Strange results of logistic regression

Member
Hi everyone,
I have strange results of logistic regression:
The model is following:
dependent: success of treatment, 0 - No, 1 - Yes,
possible predictors: treatment, 1 or 2 (numeric) and sex with 2 different codes, first: (F=0, M=1), second: (F=1, M=0).

If I build regression with treatment alone, then coefficient for treatment is significant (p=0.03).
If I build regression with treatment and sex (both types of codes) without interaction, then coefficient for sex is not significant, coefficient for treatment is significant (p=0.02).

If I build regression with treatment and sex (FIRST type of codes) with interaction, then coefficient for sex is not significant, coefficient for treatment is NOT significant (p=0.38), interaction coefficient is not significant.

If I build regression with treatment and sex (SECOND type of codes) with interaction, then coefficient for sex is not significant, coefficient for treatment is significant (p=0.03), interaction coefficient is not significant.

I don't understand, why significance of treatment depends on which type of codes I use for sex.
Did anyone have to deal with such a situation?
Many thanks in advance!

noetsi

No cake for spunky
There is no reason how you code a dummy variable should have any impact on anything except the sign of the effect. I would check for a coding mistake or maybe a mistake in the data you are using.

If you have interaction then some question the value of interpreting main effects at all. At the least you have to interpret the effect of a main effect at one specific level (only) of the interacting variable. Not at all levels as you have apparently.

Dason

Ambassador to the humans
Is the p-value for the interaction the same in both cases

hlsmith

Less is more. Stay pure. Stay poor.
Results should be comparable. Post code and output for your last two listed models and we will help unpack the results. This is the easiest way for us to see what you are doing and writing about.

Thanks!

Member
There is no reason how you code a dummy variable should have any impact on anything except the sign of the effect. I would check for a coding mistake or maybe a mistake in the data you are using.

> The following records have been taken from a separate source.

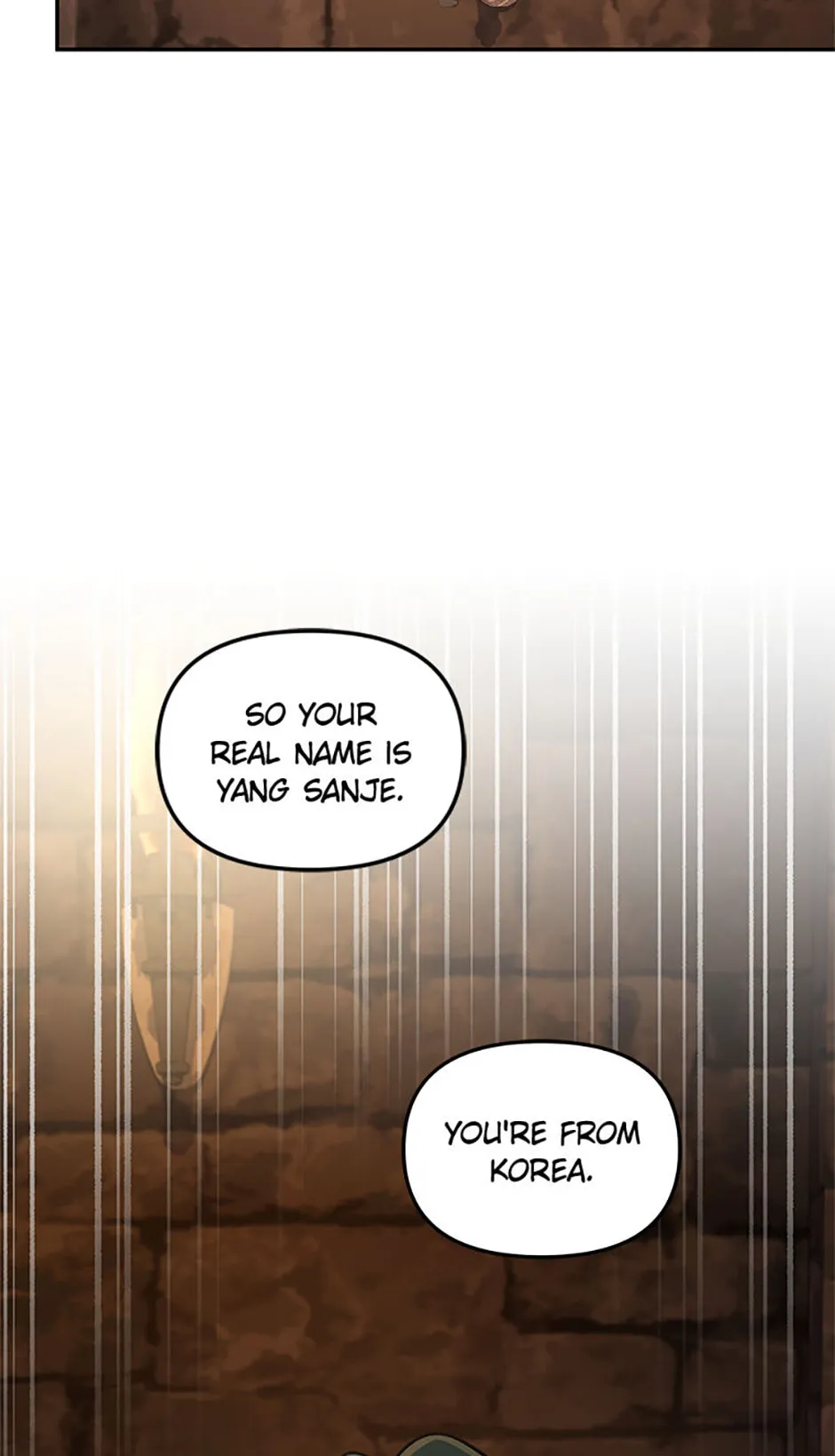Hero's Diner Chapter 73 page 9 - 
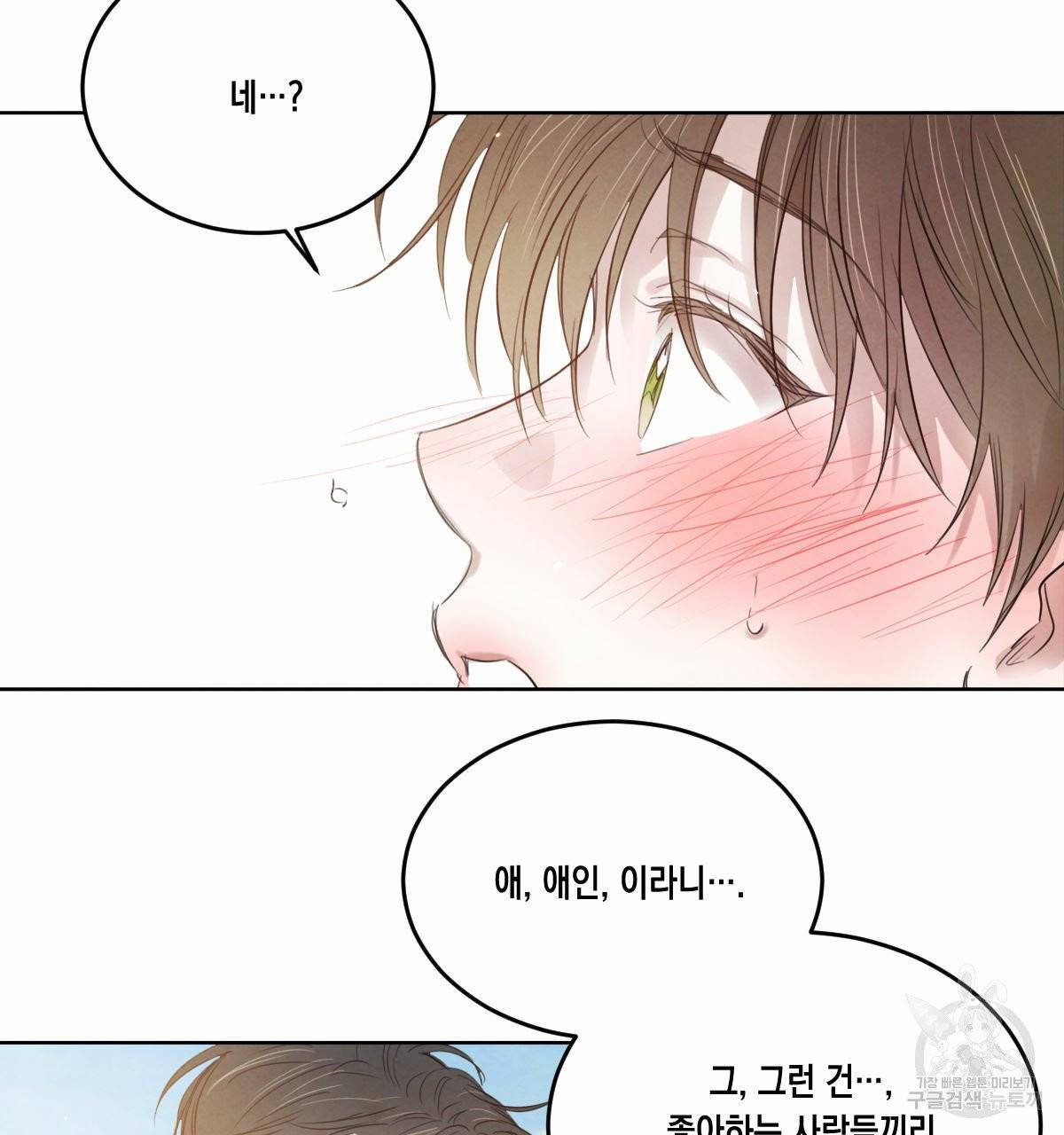 버드나무 로맨스 37화 70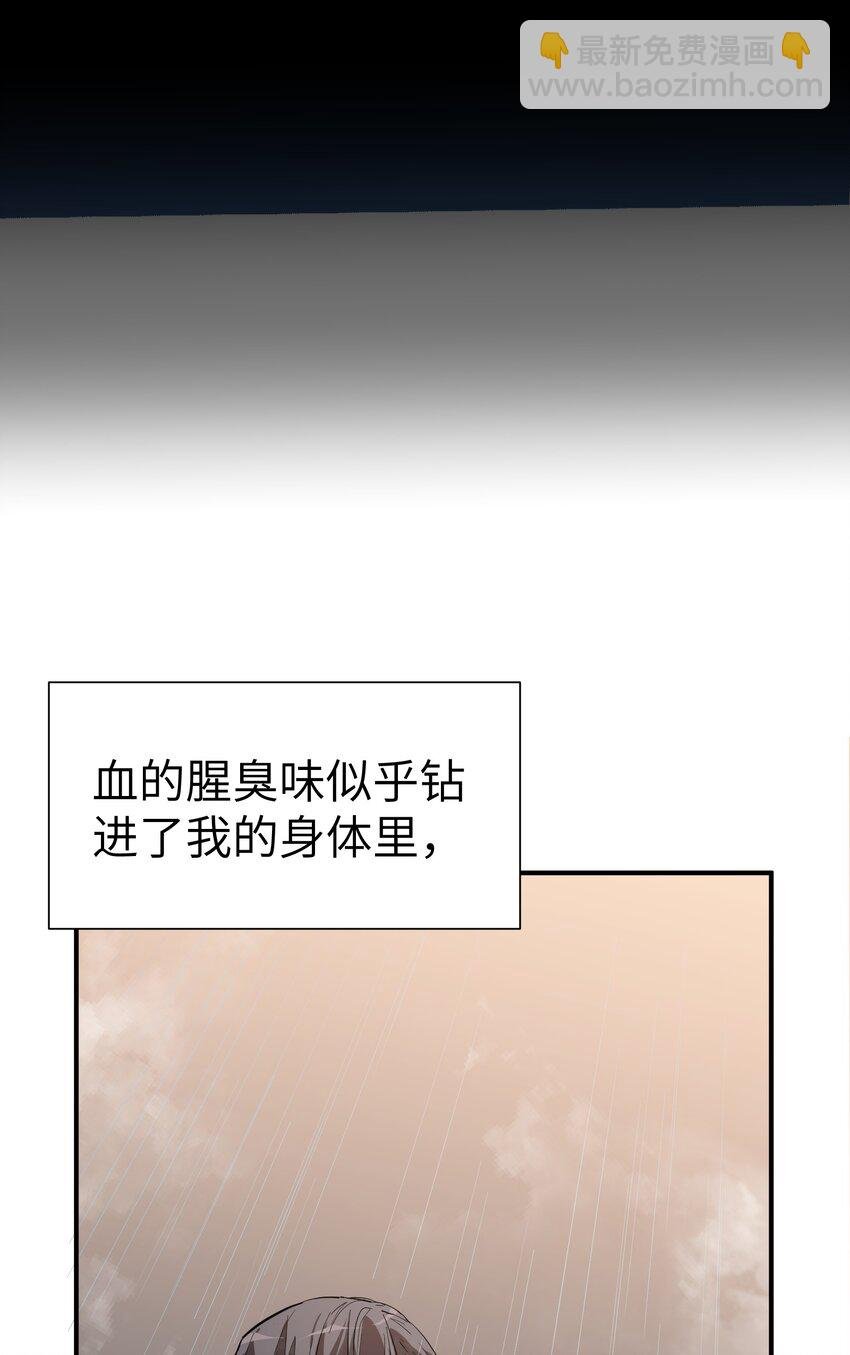 第4话 不过是胆小鬼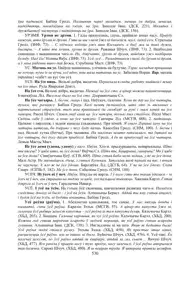 Старонка 530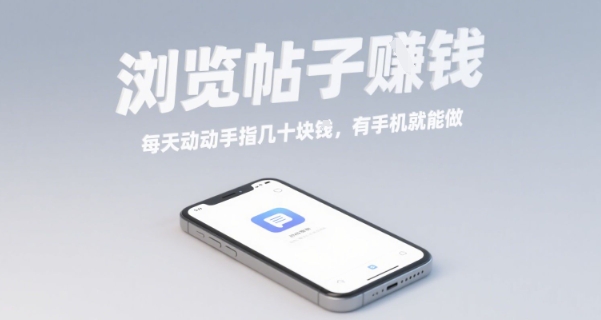 浏览帖子挣钱，每天动动手指几十米，有手机就能做【揭秘】-万盟网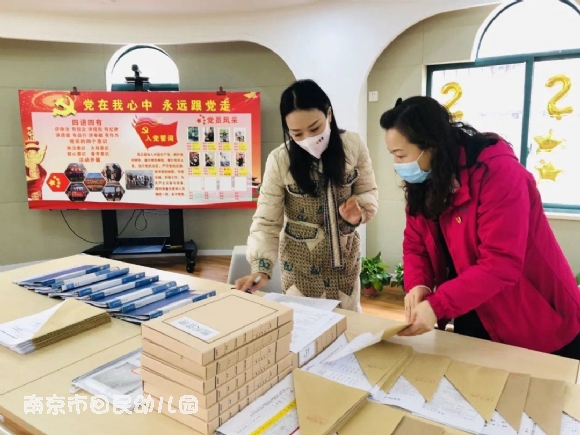 附件：B28D7D4BFA387D1E026D334EE855C028.png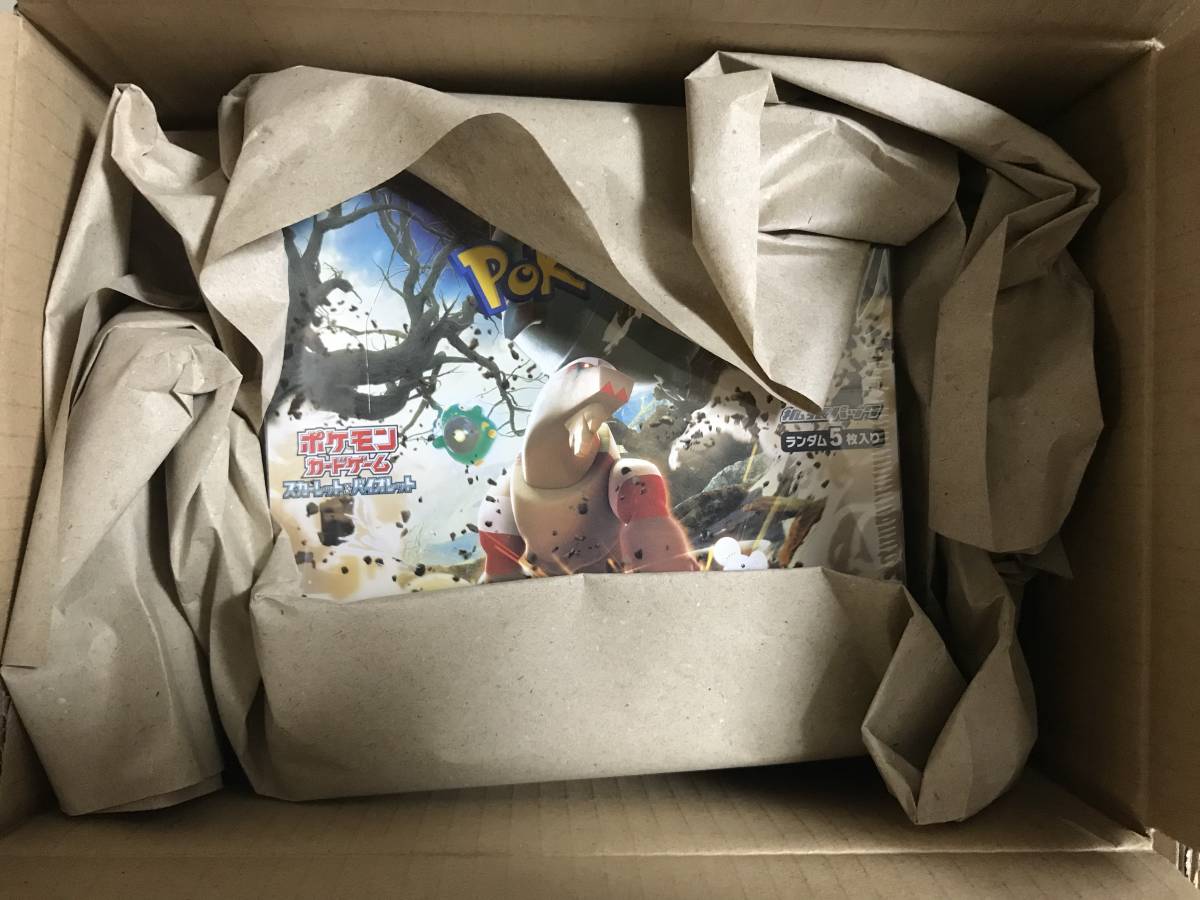 ポケモンカード 未開封 クレイバースト BOX シュリンク付き | 安い商品 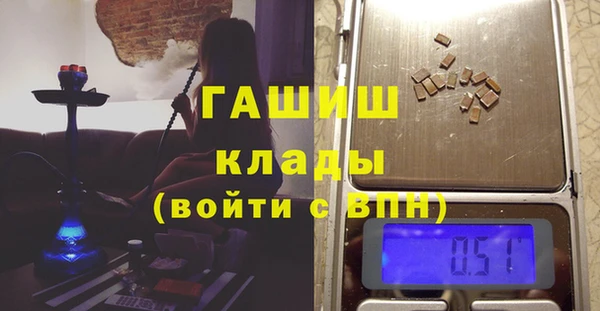 мефедрон мука Володарск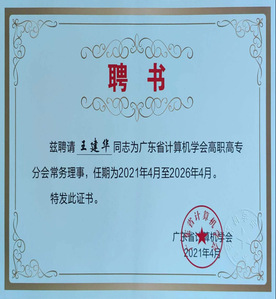 廣東省計(jì)算機(jī)學(xué)會(huì)聘書(shū)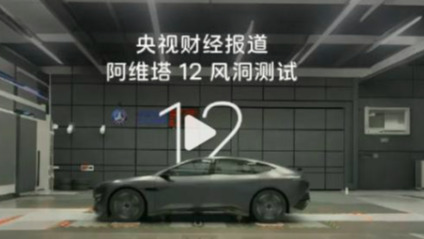 阿维塔风阻系数造假？又一个行业大瓜被踢爆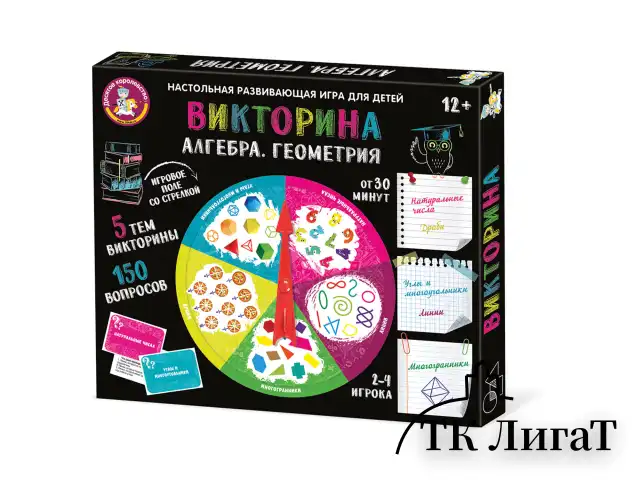 Игра настольная "Викторина", 150 вопросов, АССОРТИ, 10 КОР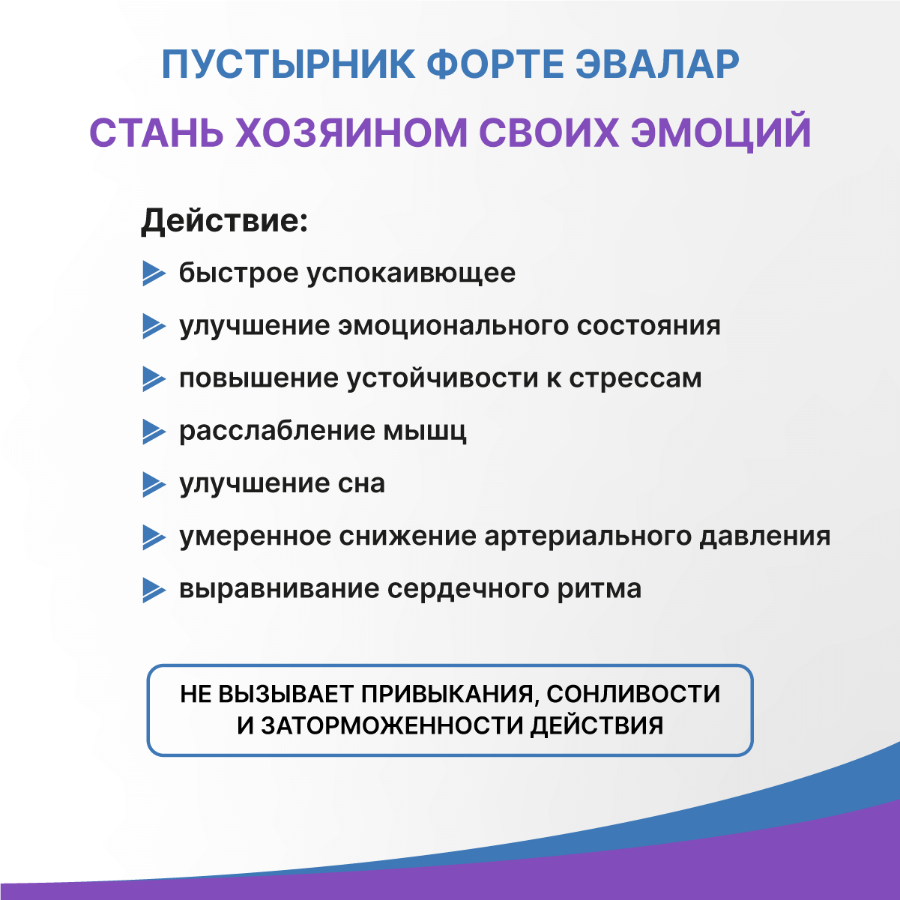 Пустырник Форте Эвалар таблетки, 40 шт.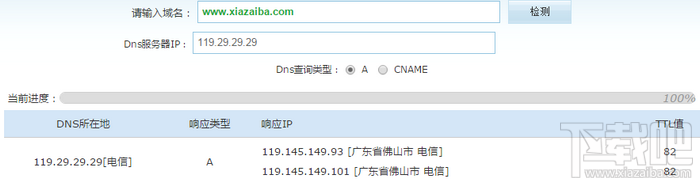 DNSPod DNS(119.29.29.29)怎么样3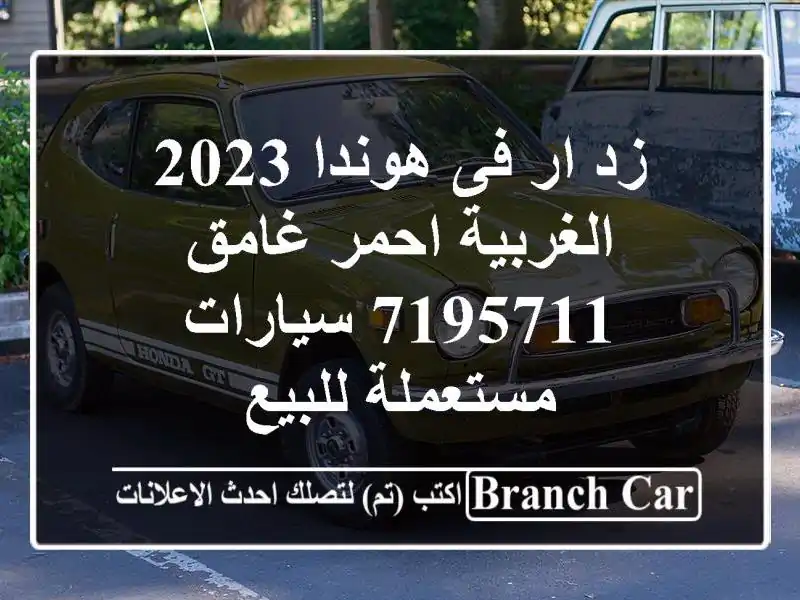 زد ار فى هوندا 2023 الغربية احمر غامق 7195711...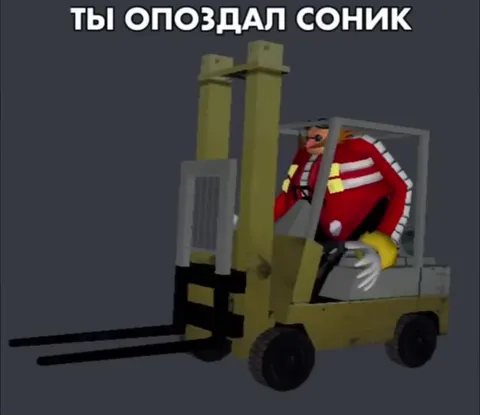 Соник опоздал на работу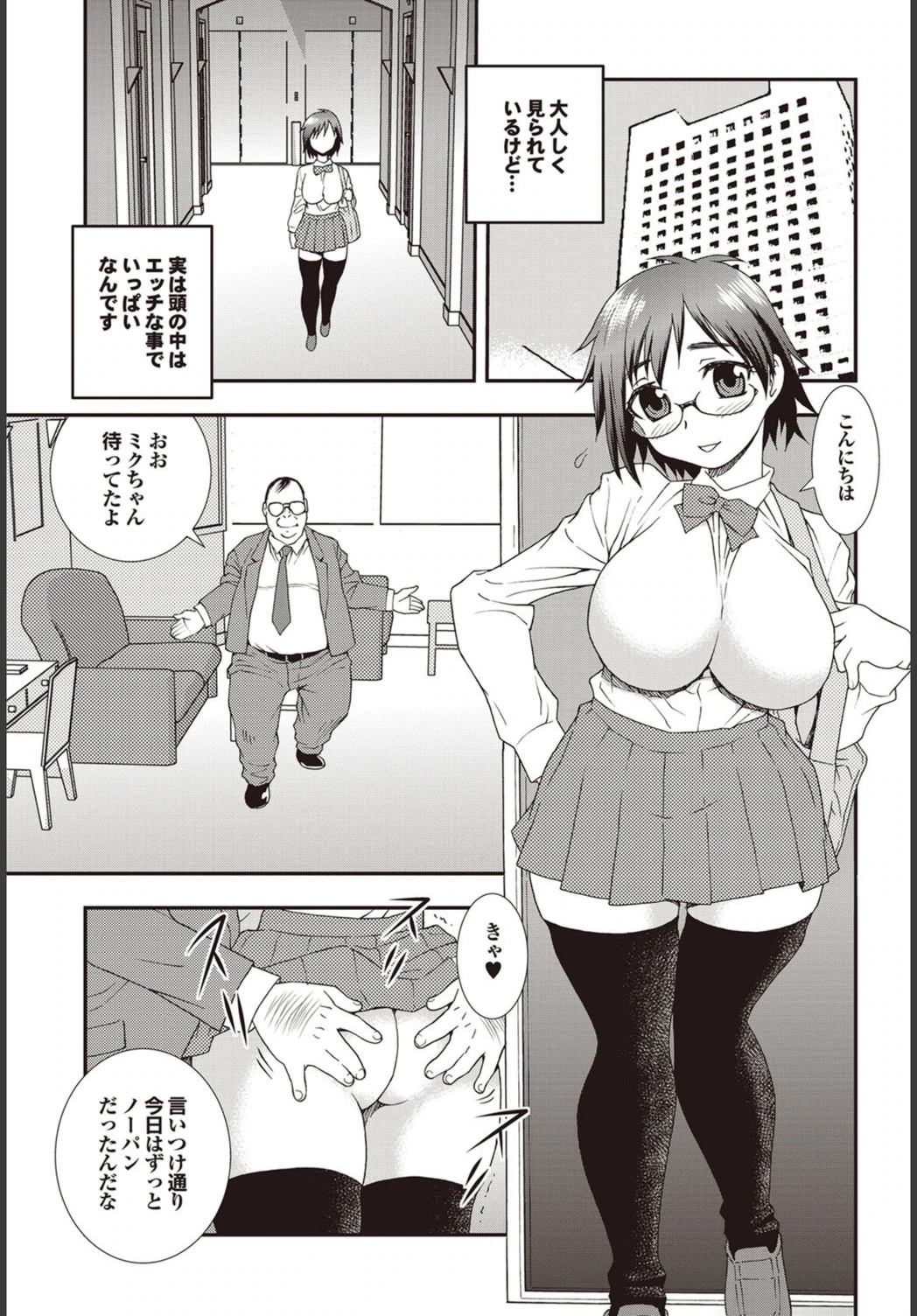 試し読み 3枚目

If you have interaction then some question the value of interpreting main effects at all. At the least you have to interpret the effect of a main effect at one specific level (only) of the interacting variable. Not at all levels as you have apparently.
I agree that coding should not influence to results, because of it I posted this question. I put codes in 10 hours, and I don't understand what be be mistake in data. Why I should interpret the treatment effect only for one value of sex?

Member
Results should be comparable. Post code and output for your last two listed models and we will help unpack the results. This is the easiest way for us to see what you are doing and writing about.

Thanks!
In 10 hours I post SAS code and output.
Thank you and all responded!

Member
I use SAS University Edition, the code is below:

***********************************************************************************

DATA t2_work;
SET t2_source;
FORMAT Response 1.0;
FORMAT Gender_num_F0M1_ 1.0;
FORMAT Gender_num_F1M0_ 1.0;
IF (responseCategory="PR" OR responseCategory="CR") THEN Response=1; ELSE Response=0;
IF (gender="FEMALE") THEN Gender_num_F0M1_=0; ELSE IF (gender="MALE") THEN Gender_num_F0M1_=1;
IF (gender="FEMALE") THEN Gender_num_F1M0_=1; ELSE IF (gender="MALE") THEN Gender_num_F1M0_=0;

PROC FORMAT;
VALUE Response 0='Non-responder' 1='Responder';
VALUE Gender_num_F0M1_ 0='FEMALE' 1='MALE';
VALUE Gender_num_F1M0_ 0='MALE' 1='FEMALE';
RUN;

/* log regressions */

proc logistic data=t2_work;
model Response (EVENT='1') = Gender_num_F0M1_ TRTPN Gender_num_F0M1_*TRTPN;
run;

proc logistic data=t2_work;
model Response (EVENT='1') = Gender_num_F1M0_ TRTPN Gender_num_F1M0_*TRTPN;
run;

***********************************************************************************

results are in the attached file.

Attachments

• 107.1 KB Views: 5

hlsmith

Less is more. Stay pure. Stay poor.
Well, when dealing with interactions terms it is standard practice to ignore base terms in the model since they are conditional on each other and don't have an independent interpretation. Thus, you shouldn't care about the base terms. We can see the interaction term did not change, which is what we would care about.

The change in the base term is because the base case (reference value) had been switched. So given this the intercept and the TRTPN change since now it is the log odds increase for the other group (base case) and base prevalence (intercept). This may all seem strange at first, but the interpretations are just different for those terms.

noetsi

No cake for spunky
Incidentally to somewhat disagree with my learned colleague hlsmith it is not true that all do not interpret the main effect when interaction is present. It is not uncommon to interpret the main effect at specific levels of the interacting variables (a different form of interpretation admittedly). This is called simple effects by some.

hlsmith

Less is more. Stay pure. Stay poor.
I know where you are going with this @noetsi but can you elaborate how the OP would do this given their example?

Thanks.

noetsi

No cake for spunky
I am not sure how you do this in logistic regression. In linear regression you tell the software to estimate the impact of X1 on Y at some specific level of X2 when X1 and X2 are interacting predictors.

I would have to go back and look at my SAS code to see how you do this.

Member
May be, it would be better to set these predictors as text variables, as we can't order values of each of them? I tried and I received quite consistent results. By default SAS assigned binary text variables with values -1 and 1. I did it using coding: treatment values 1 and 2 as 1 and -1, gender values as FEMALE 1 MALE -1 and conversely: treatment values 1 and 2 as -1 and 1, gender values as FEMALE -1 MALE 1. Then I built the models for all combinations, and all results are the same.

Attachments

• 447.3 KB Views: 0

noetsi

No cake for spunky
"By default SAS assigned binary text variables with values -1 and 1."
From memory that is effect coding. Personally I would use reference coding where the values are normally 0 or 1. This is the most common way analysis is done.